I’ve said all that and haven’t even mentioned the design! I originally thought about merely tweaking the design to work better with CSS layout. In the end, I was getting so sick of the old design that everything got started from scratch. The new design uses the same colour scheme as the old. The old site also looked rather blocky, so a nice curve was added to the header area, and an attempt was made to make it look a little more graphical, whilst not using many graphics.

There’s also a new right column for various information to be added, and the content area is narrower to help make it more readable.

I also decided to use ‘Trebuchet MS’ as the main content font, mostly as I was bored of using Verdana for everything. Never used to be a fan of Trebuchet but it really works nicely on this design.

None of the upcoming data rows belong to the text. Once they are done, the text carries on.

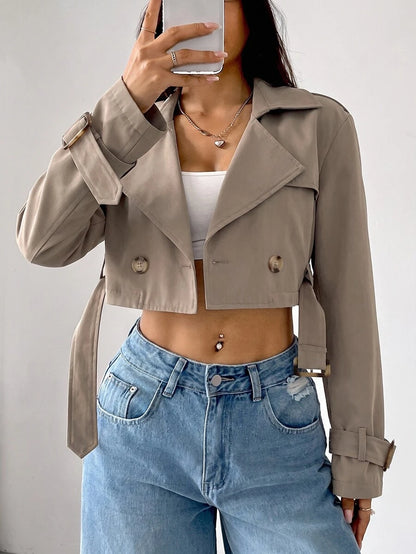 Dublin Cropped Double Breasted Trench Jacket with Belt - Khaki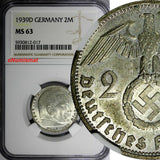 GERMANY-Third Reich Silver 1939 D 2 ReichsMark NGC MS63 Hindenburg KM# 93 (017)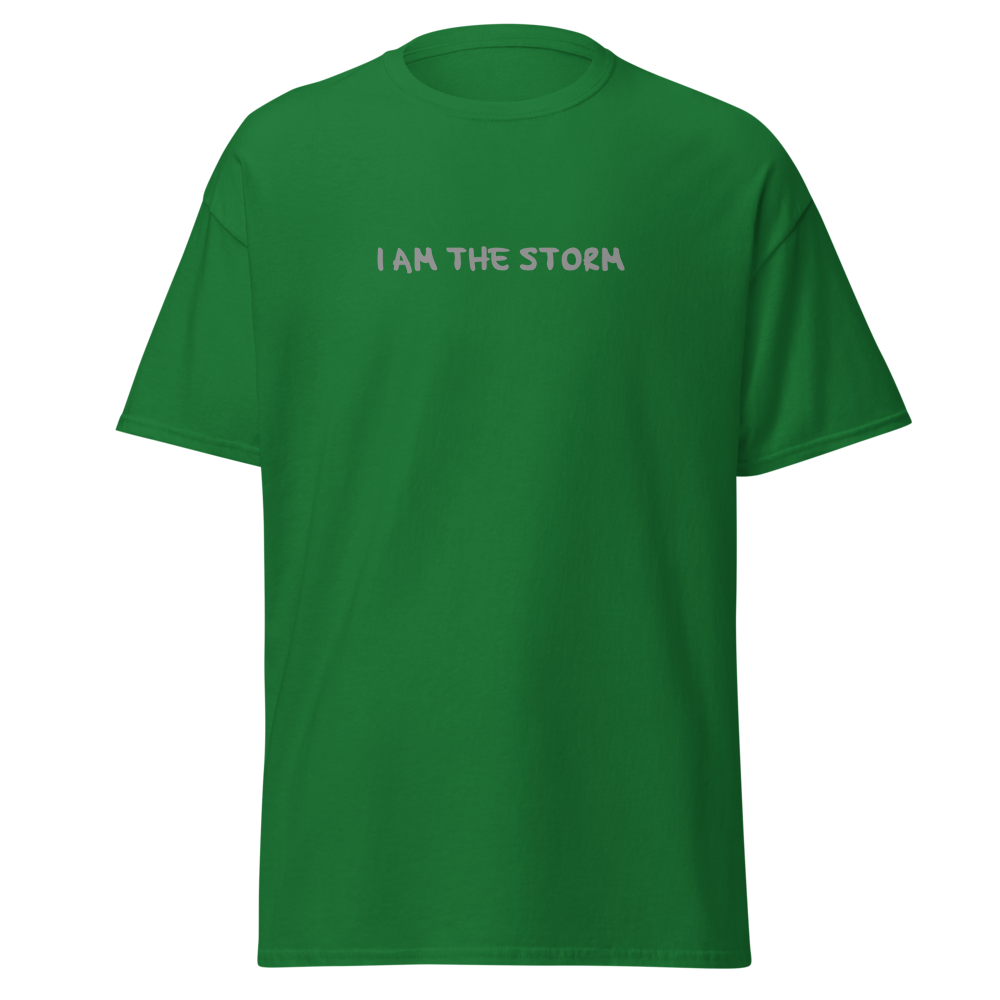 "I am the storm" printed on a turf green on an invisible body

I’m really happy with the design full stop – it’s simple but seems to look more than it actually is.

And that’s that?

Sadly its not all over yet. I’m trying to automate the contributors page which is no mean feat as Movable Type doesn’t make having an archive of everyone’s entries easy, yet alone creating a single one via many blogs. I’ve been playing with Brad Choate’s MTAuthors plugin with which you can create a list of authors in a blog, and list their corresponding articles.

However it also prints out authors who have no entries and will only work on one blog at a time, so I might have to do some munging with Hitoplive to just generate one page.

There’s also the News section to sort out – that’s been deliberatly left out of Movable Type for now for certain reasons. And I’m pondering whether to add RSS feeds.

And I’ll probably get bored of the design at some point and want to start all over again…

Still for now, it’s the best looking feminist website in the UK. Or so I reckon. And no pink to be seen! Pop over to the site and see what you think!